Notes on XML Information Set Working Draft of 20 December 1999

C. M. Sperberg-McQueen

28 January 2000

This document provides a personal technical review of the XML Information Set in the W3C Working Draft of 20 December 1999.

The comments in this review are the personal notes of the author, and do not necessarily reflect the views or policies of other persons, institutions, bodies, consortia, or funding agencies with which the author may be associated.

The review follows the structure of the Infoset draft. Large parts of it were composed in the course of reading, and so may not take into account information provided in later sections of the spec. I have left some such discussions intact in revision because they help identify points about which your readers may be confused.

1 Introduction

para 5, in the description of the maximal information set, for "all the core and all the peripheral items with all the peripheral properties" read "all the core and all the peripheral items with all the core and peripheral properties".

para 5, last sentence uses the term consistent, which is undefined. What constitutes consistency as between two information sets? This is an important enough concept to be defined fully. I believe what is meant by S1 is consistent with S2 is that they can be merged into a single information set M such that for each S in {S1, S2}:

Each information item in S is in M.
Each property in S is in M.
For each property P in S, the value of P in S is
- identical to the value of P in M, if the value is atomic
- a subset of the value of P in M, if the value is a set
- each item in the value of P in S also appears in the value of P in M, in the same order, if the value is a sequence

(Formally: S1 is consistent with S2 iff there exists some information set M such that S1 subsumes M and S2 subsumes M.) But it would be nice not to have to guess, if only because different people won't always make the same guess.
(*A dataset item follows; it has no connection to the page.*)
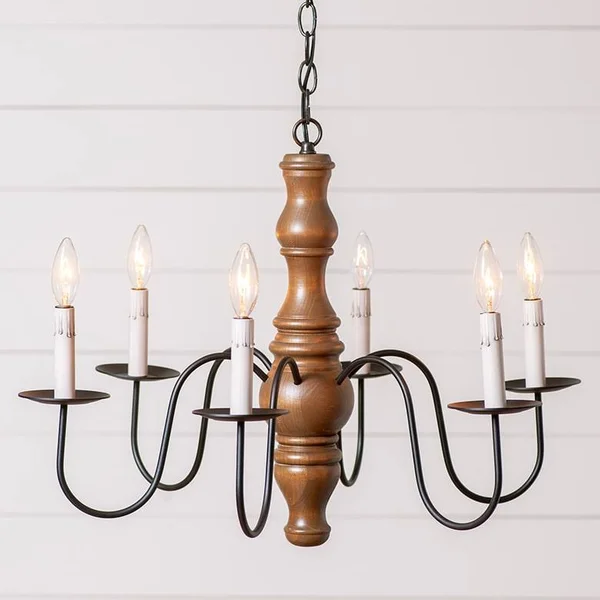 Irvins Country Tinware Gettysburg Chandelier in Earl Gray - 6 Light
Paragraph 5 appears to imply that a processor which claims to conform to this spec must not supply information to downstream applications if that information is not defined as part of the maximal information set. If this implication is not intended (as may be inferred from the section on conformance), the paragraph needs to be revised, perhaps by changing the initial clause to read "For any given XML document, ~~there are~~ a number of ~~corresponding~~ information sets are defined by this specification: ...".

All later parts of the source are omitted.